### Task goal
Give back the full listing exactly as it appears below.

──────

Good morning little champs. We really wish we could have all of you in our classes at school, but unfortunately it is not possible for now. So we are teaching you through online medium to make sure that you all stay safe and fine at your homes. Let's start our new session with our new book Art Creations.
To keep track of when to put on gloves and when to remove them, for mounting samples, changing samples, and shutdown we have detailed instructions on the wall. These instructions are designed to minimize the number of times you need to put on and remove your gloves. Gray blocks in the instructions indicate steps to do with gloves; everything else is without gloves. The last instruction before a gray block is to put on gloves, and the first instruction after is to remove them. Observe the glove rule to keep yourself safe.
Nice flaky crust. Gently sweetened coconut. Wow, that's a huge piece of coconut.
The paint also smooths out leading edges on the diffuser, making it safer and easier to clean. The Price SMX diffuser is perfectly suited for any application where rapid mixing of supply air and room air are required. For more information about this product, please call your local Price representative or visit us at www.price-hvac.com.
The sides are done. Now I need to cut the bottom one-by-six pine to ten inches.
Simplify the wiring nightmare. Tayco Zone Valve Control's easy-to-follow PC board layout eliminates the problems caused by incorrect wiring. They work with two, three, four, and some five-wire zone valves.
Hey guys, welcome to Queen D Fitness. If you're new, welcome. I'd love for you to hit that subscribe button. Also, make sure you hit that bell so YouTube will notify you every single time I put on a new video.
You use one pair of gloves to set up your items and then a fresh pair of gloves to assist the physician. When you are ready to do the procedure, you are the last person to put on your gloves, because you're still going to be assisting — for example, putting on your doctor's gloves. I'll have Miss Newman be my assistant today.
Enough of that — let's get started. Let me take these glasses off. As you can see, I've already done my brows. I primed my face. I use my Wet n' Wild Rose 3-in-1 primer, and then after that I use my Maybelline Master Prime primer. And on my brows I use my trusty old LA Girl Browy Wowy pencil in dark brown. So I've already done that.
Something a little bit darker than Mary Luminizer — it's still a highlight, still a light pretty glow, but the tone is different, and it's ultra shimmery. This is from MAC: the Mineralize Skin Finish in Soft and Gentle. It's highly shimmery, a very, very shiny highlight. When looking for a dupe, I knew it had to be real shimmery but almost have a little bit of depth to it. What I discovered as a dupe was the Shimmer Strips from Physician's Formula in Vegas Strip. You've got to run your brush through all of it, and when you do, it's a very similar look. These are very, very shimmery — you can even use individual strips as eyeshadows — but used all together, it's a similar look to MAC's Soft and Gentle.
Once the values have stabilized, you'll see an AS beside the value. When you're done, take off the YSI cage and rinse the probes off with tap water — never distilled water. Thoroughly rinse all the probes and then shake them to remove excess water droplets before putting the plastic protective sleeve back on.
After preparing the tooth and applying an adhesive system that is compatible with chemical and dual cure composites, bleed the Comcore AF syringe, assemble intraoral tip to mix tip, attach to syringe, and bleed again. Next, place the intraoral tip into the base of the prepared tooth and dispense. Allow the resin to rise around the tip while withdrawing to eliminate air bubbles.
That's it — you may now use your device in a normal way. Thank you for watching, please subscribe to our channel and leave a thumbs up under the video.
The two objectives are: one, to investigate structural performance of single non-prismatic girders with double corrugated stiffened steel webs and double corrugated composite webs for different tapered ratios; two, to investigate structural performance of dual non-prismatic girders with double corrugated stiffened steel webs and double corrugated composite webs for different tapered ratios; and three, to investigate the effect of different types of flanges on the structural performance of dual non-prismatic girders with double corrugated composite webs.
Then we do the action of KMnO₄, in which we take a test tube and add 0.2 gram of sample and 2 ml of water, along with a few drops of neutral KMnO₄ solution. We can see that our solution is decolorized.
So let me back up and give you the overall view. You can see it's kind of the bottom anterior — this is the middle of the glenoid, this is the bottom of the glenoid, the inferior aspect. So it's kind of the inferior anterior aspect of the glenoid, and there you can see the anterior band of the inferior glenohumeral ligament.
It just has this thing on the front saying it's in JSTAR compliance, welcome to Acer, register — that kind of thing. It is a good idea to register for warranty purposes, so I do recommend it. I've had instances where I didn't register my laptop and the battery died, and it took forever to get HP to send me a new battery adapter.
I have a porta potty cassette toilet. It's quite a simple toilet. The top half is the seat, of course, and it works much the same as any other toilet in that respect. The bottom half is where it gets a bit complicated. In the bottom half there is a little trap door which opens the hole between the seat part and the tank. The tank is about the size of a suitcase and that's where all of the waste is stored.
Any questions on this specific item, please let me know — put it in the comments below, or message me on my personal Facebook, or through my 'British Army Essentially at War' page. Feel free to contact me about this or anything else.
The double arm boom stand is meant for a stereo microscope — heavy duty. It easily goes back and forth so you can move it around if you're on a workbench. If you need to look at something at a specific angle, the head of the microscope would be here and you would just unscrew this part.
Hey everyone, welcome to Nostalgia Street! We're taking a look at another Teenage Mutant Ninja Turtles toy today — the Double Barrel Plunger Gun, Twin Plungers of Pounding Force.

──────

### Answer area
Good morning little champs. We really wish we could have all of you in our classes at school, but unfortunately it is not possible for now. So we are teaching you through online medium to make sure that you all stay safe and fine at your homes. Let's start our new session with our new book Art Creations.
To keep track of when to put on gloves and when to remove them, for mounting samples, changing samples, and shutdown we have detailed instructions on the wall. These instructions are designed to minimize the number of times you need to put on and remove your gloves. Gray blocks in the instructions indicate steps to do with gloves; everything else is without gloves. The last instruction before a gray block is to put on gloves, and the first instruction after is to remove them. Observe the glove rule to keep yourself safe.
Nice flaky crust. Gently sweetened coconut. Wow, that's a huge piece of coconut.
The paint also smooths out leading edges on the diffuser, making it safer and easier to clean. The Price SMX diffuser is perfectly suited for any application where rapid mixing of supply air and room air are required. For more information about this product, please call your local Price representative or visit us at www.price-hvac.com.
The sides are done. Now I need to cut the bottom one-by-six pine to ten inches.
Simplify the wiring nightmare. Tayco Zone Valve Control's easy-to-follow PC board layout eliminates the problems caused by incorrect wiring. They work with two, three, four, and some five-wire zone valves.
Hey guys, welcome to Queen D Fitness. If you're new, welcome. I'd love for you to hit that subscribe button. Also, make sure you hit that bell so YouTube will notify you every single time I put on a new video.
You use one pair of gloves to set up your items and then a fresh pair of gloves to assist the physician. When you are ready to do the procedure, you are the last person to put on your gloves, because you're still going to be assisting — for example, putting on your doctor's gloves. I'll have Miss Newman be my assistant today.
Enough of that — let's get started. Let me take these glasses off. As you can see, I've already done my brows. I primed my face. I use my Wet n' Wild Rose 3-in-1 primer, and then after that I use my Maybelline Master Prime primer. And on my brows I use my trusty old LA Girl Browy Wowy pencil in dark brown. So I've already done that.
Something a little bit darker than Mary Luminizer — it's still a highlight, still a light pretty glow, but the tone is different, and it's ultra shimmery. This is from MAC: the Mineralize Skin Finish in Soft and Gentle. It's highly shimmery, a very, very shiny highlight. When looking for a dupe, I knew it had to be real shimmery but almost have a little bit of depth to it. What I discovered as a dupe was the Shimmer Strips from Physician's Formula in Vegas Strip. You've got to run your brush through all of it, and when you do, it's a very similar look. These are very, very shimmery — you can even use individual strips as eyeshadows — but used all together, it's a similar look to MAC's Soft and Gentle.
Once the values have stabilized, you'll see an AS beside the value. When you're done, take off the YSI cage and rinse the probes off with tap water — never distilled water. Thoroughly rinse all the probes and then shake them to remove excess water droplets before putting the plastic protective sleeve back on.
After preparing the tooth and applying an adhesive system that is compatible with chemical and dual cure composites, bleed the Comcore AF syringe, assemble intraoral tip to mix tip, attach to syringe, and bleed again. Next, place the intraoral tip into the base of the prepared tooth and dispense. Allow the resin to rise around the tip while withdrawing to eliminate air bubbles.
That's it — you may now use your device in a normal way. Thank you for watching, please subscribe to our channel and leave a thumbs up under the video.
The two objectives are: one, to investigate structural performance of single non-prismatic girders with double corrugated stiffened steel webs and double corrugated composite webs for different tapered ratios; two, to investigate structural performance of dual non-prismatic girders with double corrugated stiffened steel webs and double corrugated composite webs for different tapered ratios; and three, to investigate the effect of different types of flanges on the structural performance of dual non-prismatic girders with double corrugated composite webs.
Then we do the action of KMnO₄, in which we take a test tube and add 0.2 gram of sample and 2 ml of water, along with a few drops of neutral KMnO₄ solution. We can see that our solution is decolorized.
So let me back up and give you the overall view. You can see it's kind of the bottom anterior — this is the middle of the glenoid, this is the bottom of the glenoid, the inferior aspect. So it's kind of the inferior anterior aspect of the glenoid, and there you can see the anterior band of the inferior glenohumeral ligament.
It just has this thing on the front saying it's in JSTAR compliance, welcome to Acer, register — that kind of thing. It is a good idea to register for warranty purposes, so I do recommend it. I've had instances where I didn't register my laptop and the battery died, and it took forever to get HP to send me a new battery adapter.
I have a porta potty cassette toilet. It's quite a simple toilet. The top half is the seat, of course, and it works much the same as any other toilet in that respect. The bottom half is where it gets a bit complicated. In the bottom half there is a little trap door which opens the hole between the seat part and the tank. The tank is about the size of a suitcase and that's where all of the waste is stored.
Any questions on this specific item, please let me know — put it in the comments below, or message me on my personal Facebook, or through my 'British Army Essentially at War' page. Feel free to contact me about this or anything else.
The double arm boom stand is meant for a stereo microscope — heavy duty. It easily goes back and forth so you can move it around if you're on a workbench. If you need to look at something at a specific angle, the head of the microscope would be here and you would just unscrew this part.
Hey everyone, welcome to Nostalgia Street! We're taking a look at another Teenage Mutant Ninja Turtles toy today — the Double Barrel Plunger Gun, Twin Plungers of Pounding Force.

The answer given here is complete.